ACTIVITY:
An exact copy of the records is needed; please leave the images out.

PROVIDED MATERIAL:

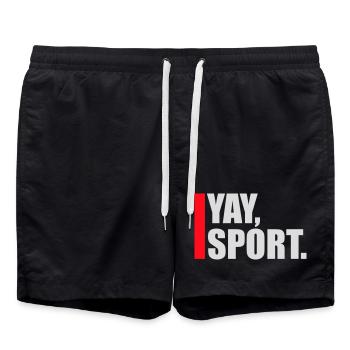 Yay Go Sports Sarkastisch Lustig Anti Sport Humor - Badeshorts - Schwarz - Vorne - AI Model Male 185 light (185cm)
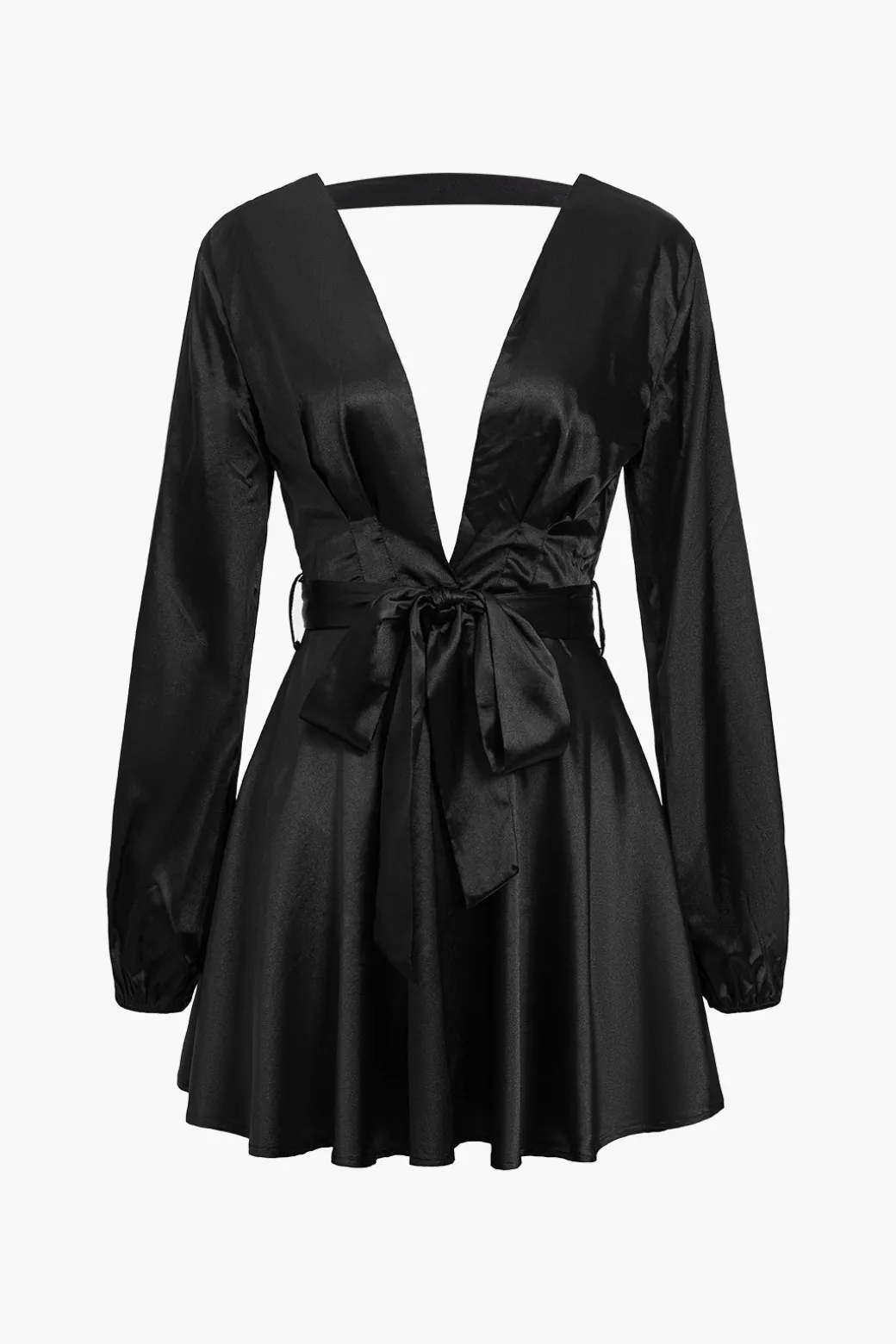 Cheap Satin Backless Belted V-neck Mini Dress Mini Dresses | Long Sleeve Dresses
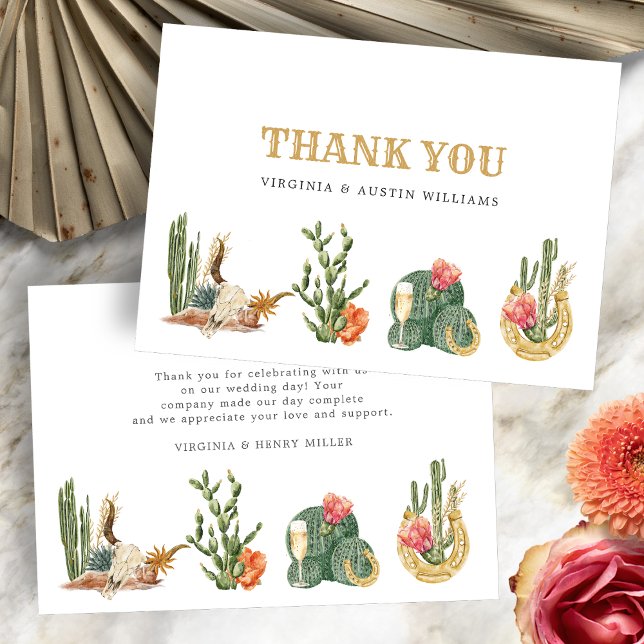 Carte De Remerciements Bohème occidentale (Western Theme Boho Thank You Card by Painted Paperie
)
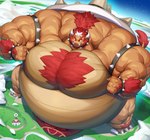 anthro belly big_belly big_muscles bulge collar hair hairy high-angle_view huge_belly huge_muscles hyper hyper_belly hyper_muscles landscape macro male muscular orange_body red_hair shell solo spiked_collar spikes tail kitora boris_(heavyrocksboar) mammal suid suine sus_(pig) wild_boar hi_res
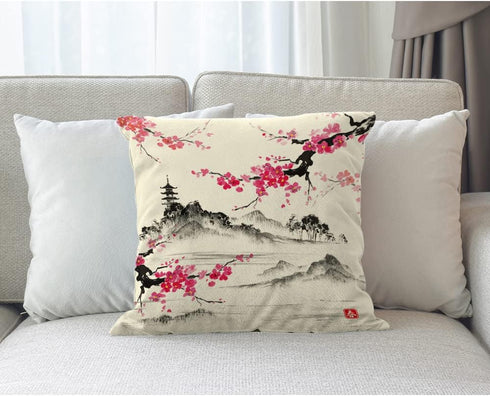 Beabes 18X18 Inch Cherry Landscape Pillowcase, Traditional Japanese Cherry Pink Cotton Linen Decorative Throw for Couch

EXPECTED ANSWER:
 Yay Go Sports Sarkastisch Lustig Anti Sport Humor - Badeshorts - Schwarz - Vorne - AI Model Male 185 light (185cm)
 Cheap Satin Backless Belted V-neck Mini Dress Mini Dresses | Long Sleeve Dresses
 Carte De Remerciements Bohème occidentale (Western Theme Boho Thank You Card by Painted Paperie
)
 anthro belly big_belly big_muscles bulge collar hair hairy high-angle_view huge_belly huge_muscles hyper hyper_belly hyper_muscles landscape macro male muscular orange_body red_hair shell solo spiked_collar spikes tail kitora boris_(heavyrocksboar) mammal suid suine sus_(pig) wild_boar hi_res
 Beabes 18X18 Inch Cherry Landscape Pillowcase, Traditional Japanese Cherry Pink Cotton Linen Decorative Throw for Couch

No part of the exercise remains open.